Solemnidad de la Asunción de la Virgen María



         Cuando una persona muere, su alma, que es el principio vital que da vida al cuerpo, se separa del cuerpo, quedando este privado de la vida que le daba el alma. Por esta razón, lo que caracteriza a la muerte de una persona, es la separación del cuerpo y del alma, los cuales emprenden caminos distintos: el alma es llevada ante la presencia de Dios, para asistir a su Juicio Particular, mientras que el cuerpo comienza su descomposición cadavérica. Es necesario tener en mente esto que sucede en la muerte, para saber que es lo que NO se produjo en la Virgen, ya que la Virgen, en realidad, no murió, sino que se durmió en esta tierra y despertó en el cielo. En la Virgen no se produjo esta separación de cuerpo y alma, por lo que no se puede decir que la Virgen murió; es más correcto hablar de una “dormición” de la Virgen, tal como lo hacen los católicos ortodoxos. En efecto, ellos no hablan nunca de “muerte” de la Virgen, sino que a esta solemnidad le llaman “Dormición de la Virgen” y es por este hecho, porque consideran que la Virgen nunca murió sino que, cuando llegó la hora de pasar de este mundo al Padre, se durmió en la tierra y despertó en el cielo, siendo recibida allí por un cortejo de ángeles y sobre todo por su Hijo amado, Jesucristo.
         Otro aspecto que hay que tener en cuenta en la Asunción de la Virgen, además de que no murió, es su glorificación. La Virgen, que en la tierra y desde su Inmaculada Concepción era la Llena de gracia y la inhabitada por el Espíritu Santo, al momento en que debía morir, en vez de morir se durmió y la gracia que la inhabitaba se convirtió en gloria y esa gloria se derramó, por así decirlo, sobre su cuerpo, glorificándolo. Por esto es que la Virgen ingresó en el Cielo con su cuerpo glorificado, porque la gracia que inhabitaba en ella se convirtió en gloria y glorificó su cuerpo, permaneciendo así desde entonces y para toda la eternidad. Es por esto que se dice que la Virgen fue Asunta en cuerpo y alma al cielo, con su cuerpo ya glorificado, porque no puede ingresar nadie en el cielo que no esté glorificado en cuerpo y alma.

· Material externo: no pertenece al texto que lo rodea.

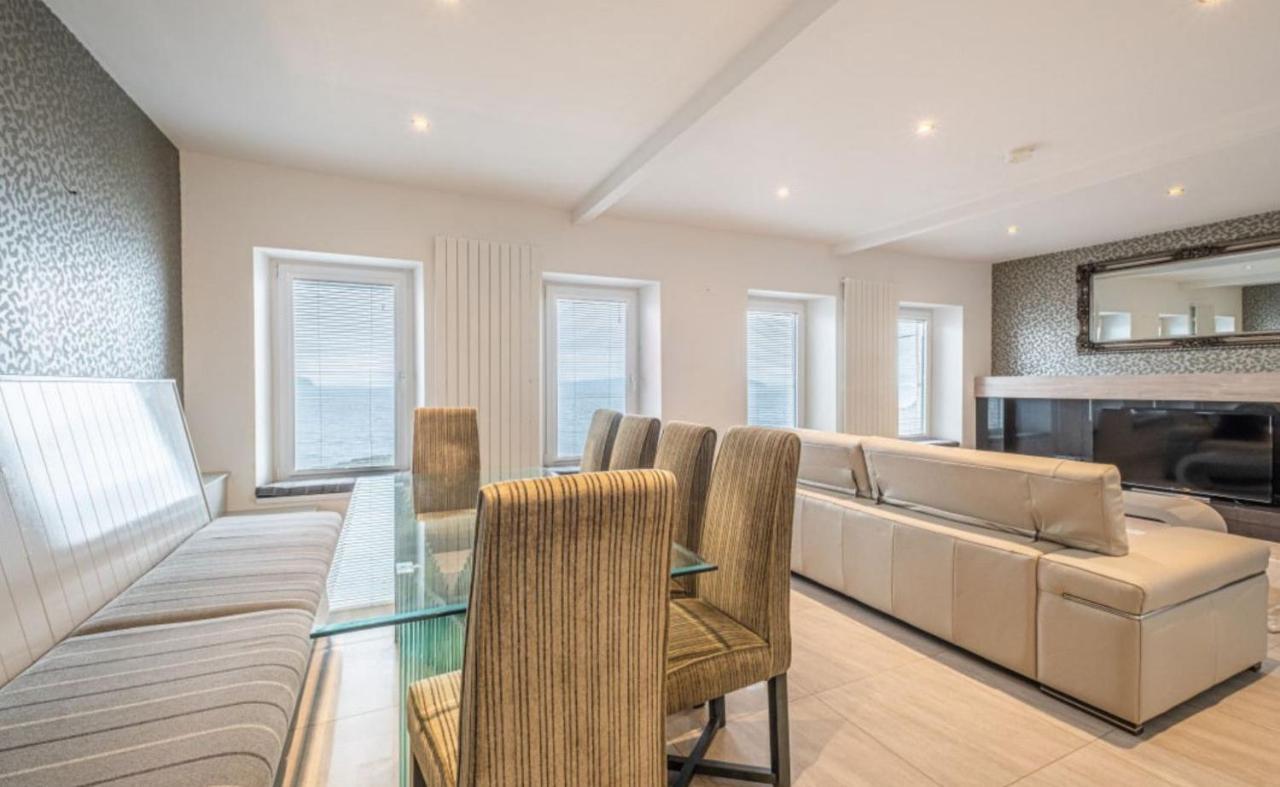 Promenade Apartment Panoramic Sea Views Portstewart Extérieur photo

         Un último aspecto que debemos considerar es que la Virgen, Asunta en cuerpo y alma al cielo, es nuestra Madre y que Ella, que nos ama con el Amor de Dios a nosotros, sus hijos pecadores, quiere que participemos con Ella de la gloria del cielo y de la dicha de adorar por la eternidad a su Hijo Jesucristo. Para que el deseo de nuestra Madre sobre nosotros se cumpla, debemos entonces hacer el propósito de vivir en gracia, adquiriéndola si no la tenemos, conservándola y acrecentándola si ya la poseemos. Si esto hacemos, en el momento de nuestra muerte, nuestra alma en gracia será llevada ante la Presencia de Dios y cuando sea la resurrección de los cuerpos, entonces nuestros cuerpos serán glorificados con la gloria de Dios y así podremos participar de la alegría de la Virgen, que adora y ama a su Hijo, el Cordero, por toda la eternidad.